Muscle structure is an important parameter that reflects the nutritional condition but also the agility of fish. This muscle structure is also connected to the growth and quality of fish and can be significantly influenced by dietary ingredients (Alami-Durante et al. 2018). Thus, various nutritional deficiencies can alter the muscle structure of Atlantic salmon, causing myodegeneration (Rodger et al. 1991). In the present study, lipid droplets in the muscle increased significantly in the D3 dietary group compared to the control group. Although lipid droplets are essential sources of energy for muscle fibres, excessive lipid droplets may produce lipotoxicity stress and irrigate the structure of muscle fibre (Brøns and Grunnet 2017; Morales et al. 2017).
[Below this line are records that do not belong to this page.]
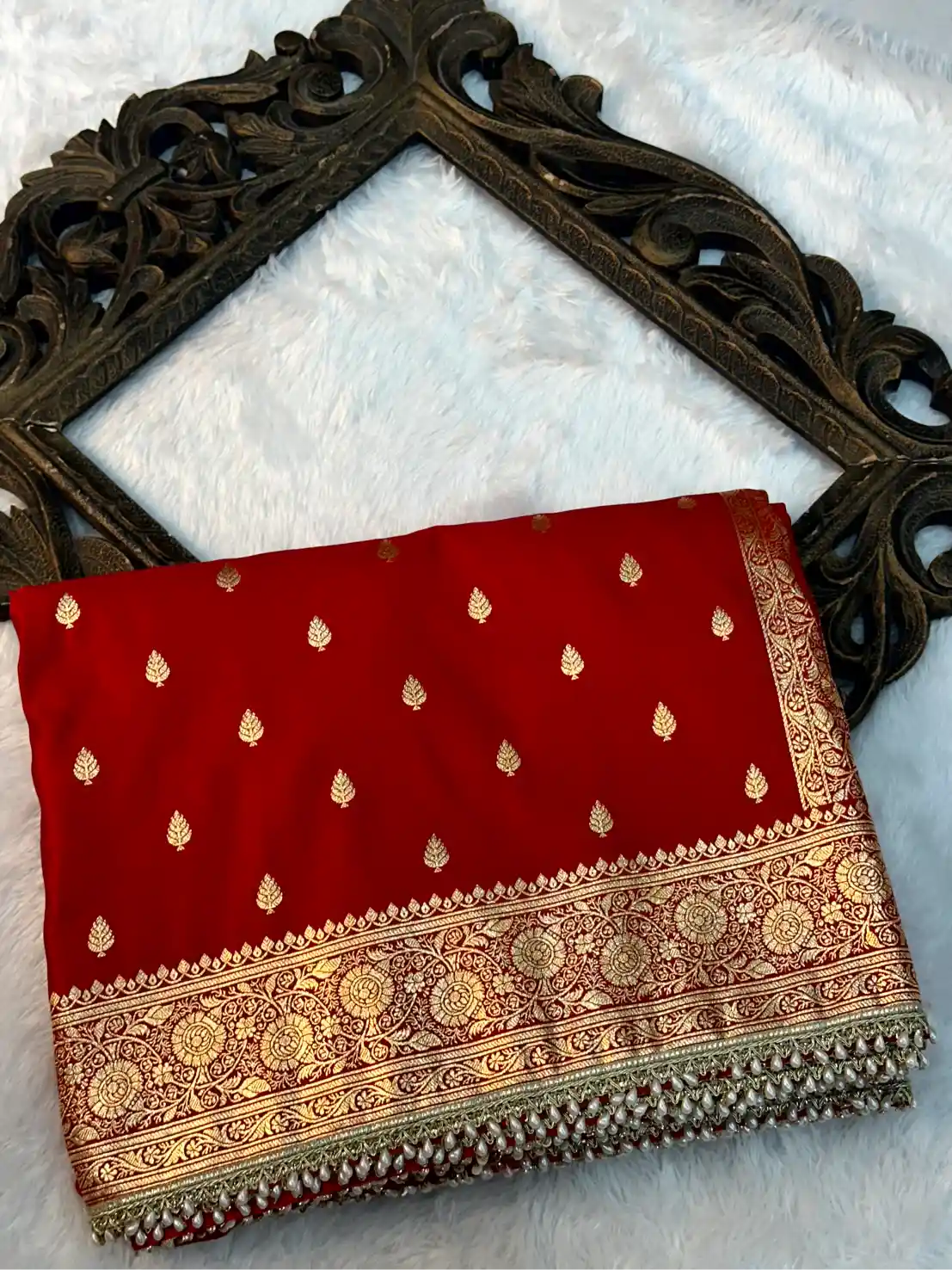Bridal Red Shade Satin Silk Traditional Banarasi Saree with Premium Moti Lace Work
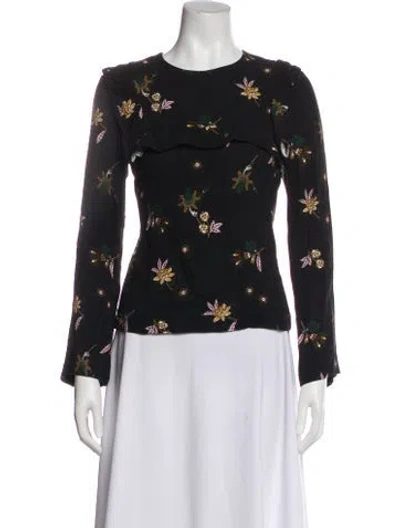Pre-owned A.l.c Silk Floral Print Blouse In Black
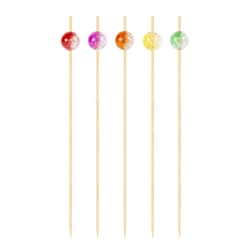 OGGI Assorted Bamboo Translucent Balls Cocktail Picks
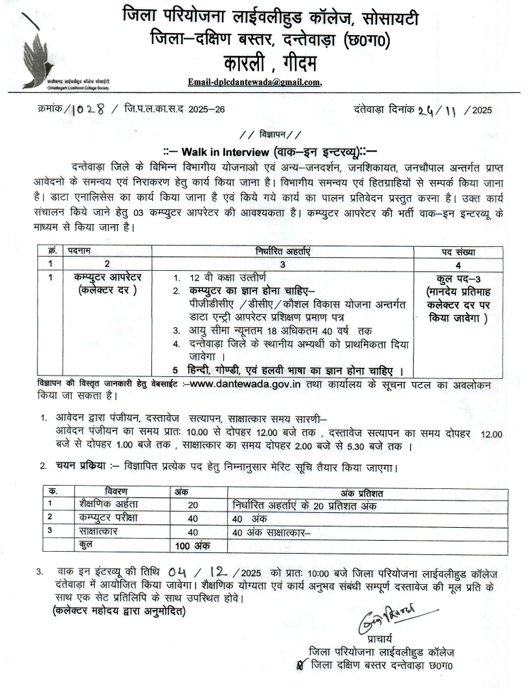Dantewada Computer Operator Bharti 2025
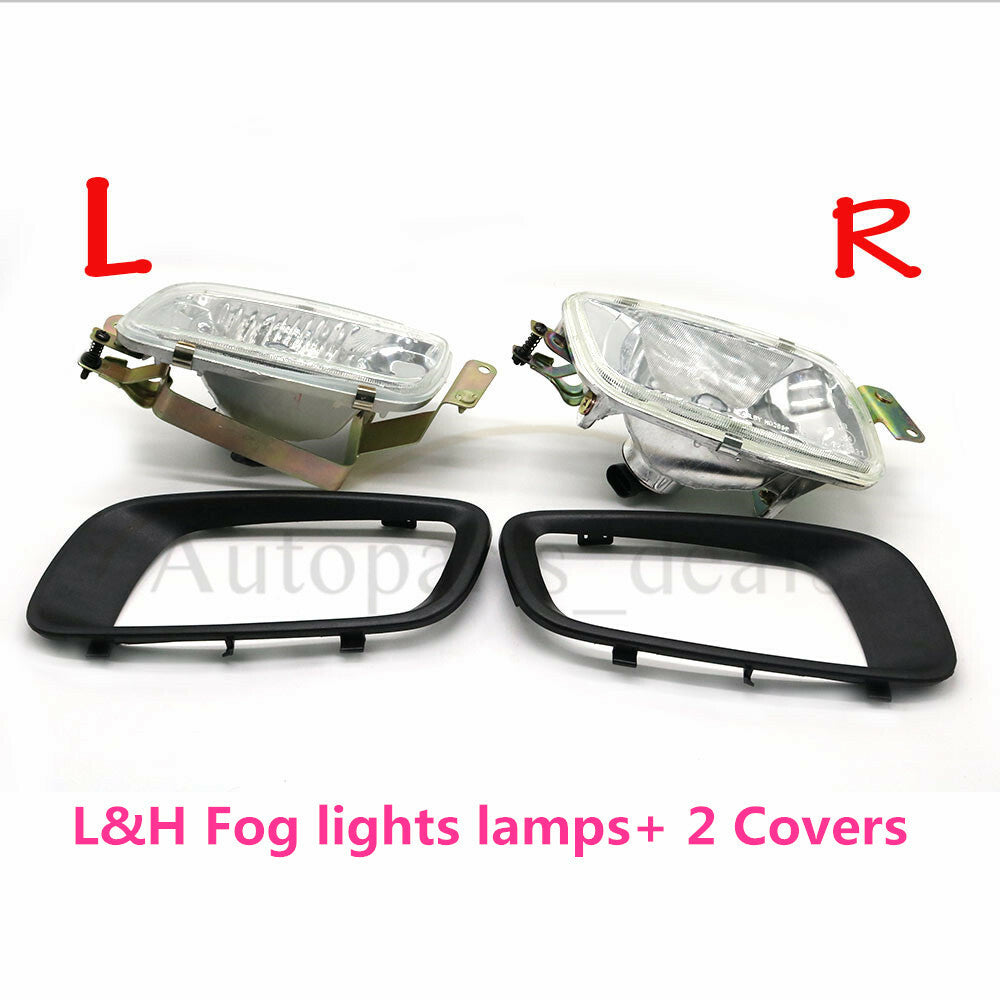 2X for MITSUBISHI Pajero Montero V73 V75 V77 00-03 Front Fog Lights Lamps+Cover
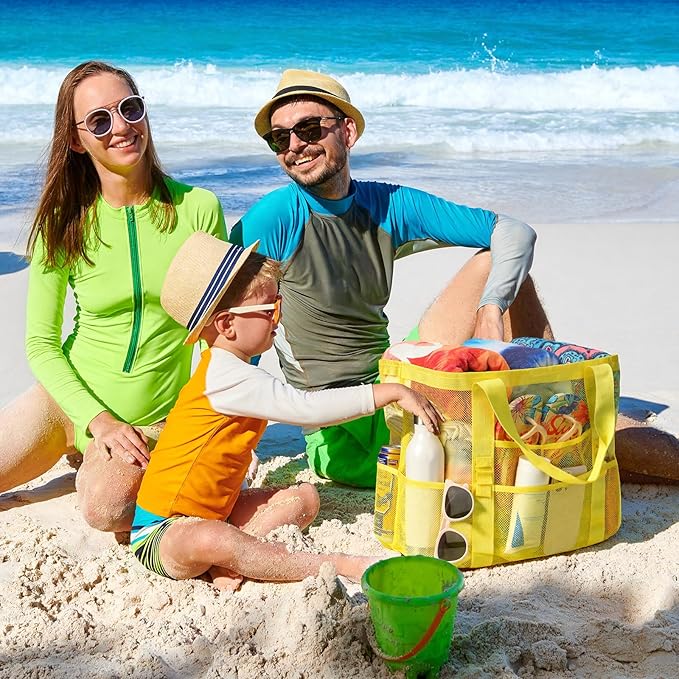 Beach Bag - Mesh Beach Bag Large 8 Pockets, Beach Tote Bag Beach Essentials for Vacation Must Haves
Excessive lipids result in fatty infiltrations in the intermuscular adipose tissue. This adipose tissue can regulate inflammation by producing fatty acid-binding proteins, adipokines, resistin leptin and lipid droplet proteins (Wu et al. 2014; Konigorski et al. 2019). This change is related to the ageing process and can result in loss of muscle strength and a decrease in muscle insulin sensitivity (Brioche et al. 2016). So, our study suggests that including up to 20% of EW in the diet does not negatively impact lipid droplet deposition, muscle fibre strength and lipid metabolism pathways.
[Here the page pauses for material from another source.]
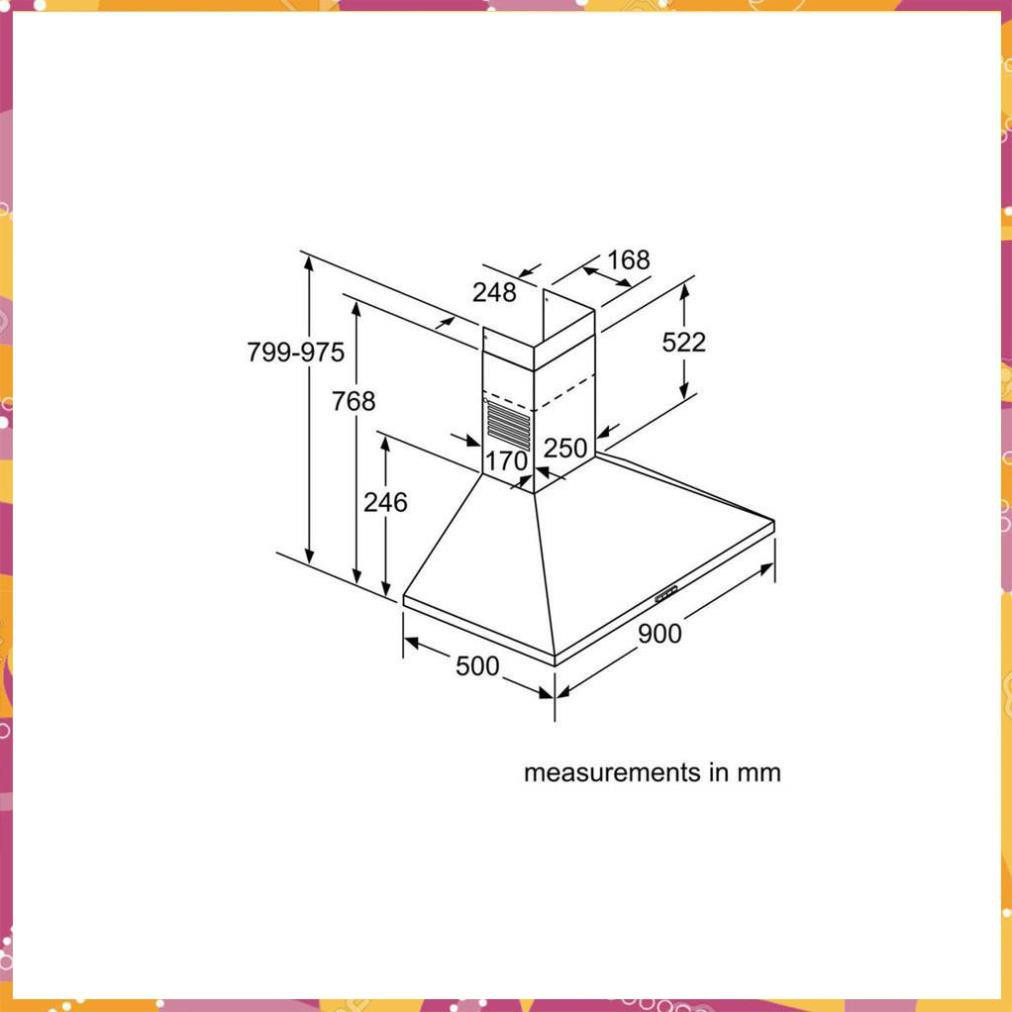 Máy hút mùi treo tường Bosch DWP96BC50B TGB nhập khẩu nguyên chiếc ( Phân Phối Chính Hãng )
The simple economic analysis in the present study revealed that the diet price decreased while the ECR increased with the increasing levels of EW meal in the diets (Table 4). As the profit level is mainly affected by various factors, such as the prices of feed, the feeding rate, the fish size, fish yield, the fish sales etc. (Hebicha et al. 2013), the net profit will therefore be increased if the fish selling price increases, or one of the main costly factors, like diet cost, decreases (Abdel-Tawwab et al. 2020). However, based on the obtained results, including EW as a replacer of FM in the diets has a positive economic outcome and reduces the feeding cost.

Conclusion

Based on the findings, it can be concluded that EW is a suitable alternative source of protein to replace up to 20% of FM in the diet of Nile tilapia. This conclusion is supported by the lack of histological alternations in the intestine or changes in blood parameters and lipid accumulation in the liver or muscle. Higher inclusion levels (40%) of EW affected the growth and the biochemical parameters while altering the erythrocyte morphology. In addition, it resulted in increased accumulation of lipid droplets in the liver and muscle tissue. The current study also indicates a reduction in the cost of the diet with an increasing replacement level of EW in the diets.